Why is ethical business becoming so important ? Why will we not survive if we are not trusted ?
The best answer to this is here : http://www.trendwatching.com/trends/generationg/
Generation G (Generosity not Greed) where giving is the new taking and sharing is the new giving. That’s what the internet is rapidly doing to humanity. As online becomes “the culture” the world is rapidly being transformed by Wikipedia, Facebook, Flickr and so on. The trendwatching article gives a number of excellent suggestions for how an enterprise can participate in the Gen G world. However, we can only do that after……
As Generation G takes over the world – sustainable organizations will be ethical ones. For an unethical business, jumping on the generosity band-wagon will create a backlash like no other. Whatever your generation alphabet – hypocrisy will remain universally detested.
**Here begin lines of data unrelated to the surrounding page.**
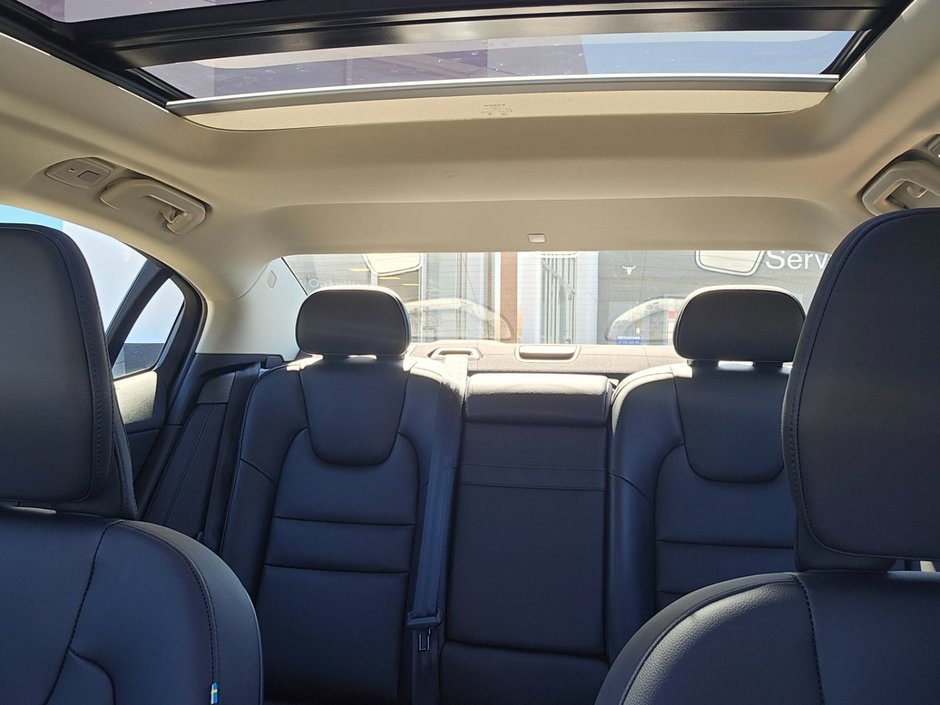 2024 Volvo S60 CORE DARK THEME-6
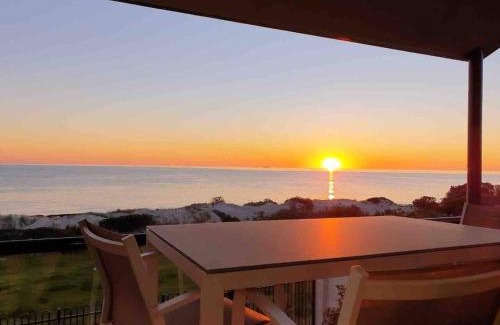 West Lakes Shore Apartment | Luxurious 3 bedroom beachfront - panoramic views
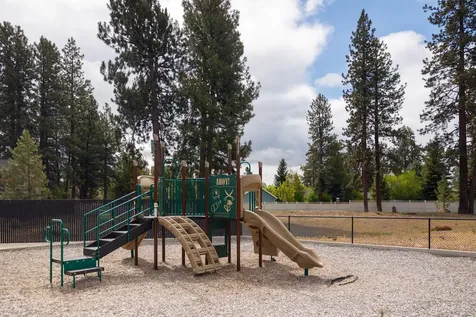 1156 W Hill Avenue Sisters OR 97759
Remember the other Gen G problem – information spreads rapidly and aggressively.
If employees, customers and shareholders of tomorrow are Gen G – its time to pick up that ethics tome, dust it off, roll up your sleeves and wade in. It makes sound business sense.

2 Comments:

Blogger Unknown said...

Excellent post. Transparency is very much big change that organizations must engage in but is hardest in the transition -- not everyone is doing it yet and there will be initial start-up costs that make it hard to wade in! As you point out, with time, more and more information will be transmitted aggressively and organizations will not be able to control it.

11:10 AM  
Blogger Krishnan said...

Actually Linda - it would be interesting to look at this from the other direction. Assuming an enterprise desires ethicality - why would it not be transparent ? Leaving aside actual legal confidentiality issues (which can be treated as outside the scope of this discussion) the only reason could be the organisation's concern that they might leak their "secret sauce" and lose competitiveness. In today's world - just thinking like this means the organisation is probably already losing competitiveness (which has long ceased to be a static target).
Do let me know if you come across examples of organizations that have managed this transition.